Until last year, May 30 was observed as the Day of the Croatian Parliament, a memorial day and a working day, while Statehood Day was celebrated on June 25 as a public holiday and nonworking day.
Since 2001, when the SDP-led coalition government changed the public holiday calendar, all governments endeavoured to appropriately observe the new dates, however, ordinary citizens never embraced the new holidays in the same way Statehood Day was celebrated on May 30 during the 1990s.
That was one of the arguments for the HDZ majority to reinstate May 30 as Statehood Day when it arranged the new public holiday calendar last year.
The controversy regarding the 'real' date for celebrating Statehood Day will certainly last, however, it is indisputable that a large number of citizens remember 30 May 1990 very fondly, describing it with words such as 'special', 'festive', and 'exciting'.

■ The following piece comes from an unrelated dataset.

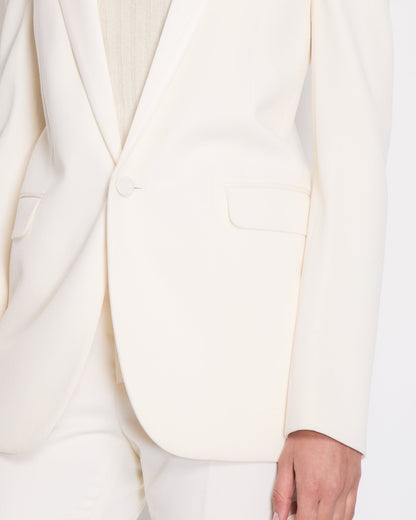 Saint Laurent Cream Suit Jacket and Trouser Set With Silk Lapel Detail Size FR 36 (UK 8)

The assembly hall was too small for all the members of parliament and guests on 30 May thirty years ago. In the first part of the session the Election and Appointment Commission was elected, led by Ivan Milas, at whose proposal the leadership of the first multi-party parliament was elected. Zarko Domjan was elected the first parliament speaker.
Stipe Mesic was elected the head of the Executive Committee of the Croatian Parliament, and Franjo Tudjman was elected Chairman of the Socialist Republic of Croatia's Presidency. On that occasion, he gave a speech, emphasising that throughout its long history, "the Croatian state parliament was the guardian of the sovereignty (with the exception of the period from 1918 to 1941) of the Croatian people in relation to other national and state unions."
Tudjman said that he had had no doubt that the Croatian people would show their maturity at the first democratic election, "in which the parliament originated", expressing his conviction that "under the guidance of their true leadership, the people will know and be able to build a life worthy of free people in their only, long-suffering and holy homeland".
The first Croatian parliament assembly had 351 members of parliament and was tricameral. The Croatian Democratic Union (HDZ) had the majority of seats, 207, the League of the Communists of Croatia - the Party for Democratic Changes had 107, the Coalition of People's Accord had 21, and the Serb Democratic Party had five, while 13 seats were won by independent members and members representing ethnic minorities.
The 1990's tricameral parliament operated for around two years, and in August 1992, a parliamentary election was held for the new unicameral Croatian Parliament with a significantly smaller number of members - 138.
Regardless of the shortness of its term, and considering the fact that it served a part of it in circumstances of war, the first Croatian Parliament adopted historic decisions on Croatia's sovereignty and independence, the decision on severing state and legal ties with the Socialist Federal Republic of Yugoslavia (SFRY), and it also passed the "Christmas Constitution".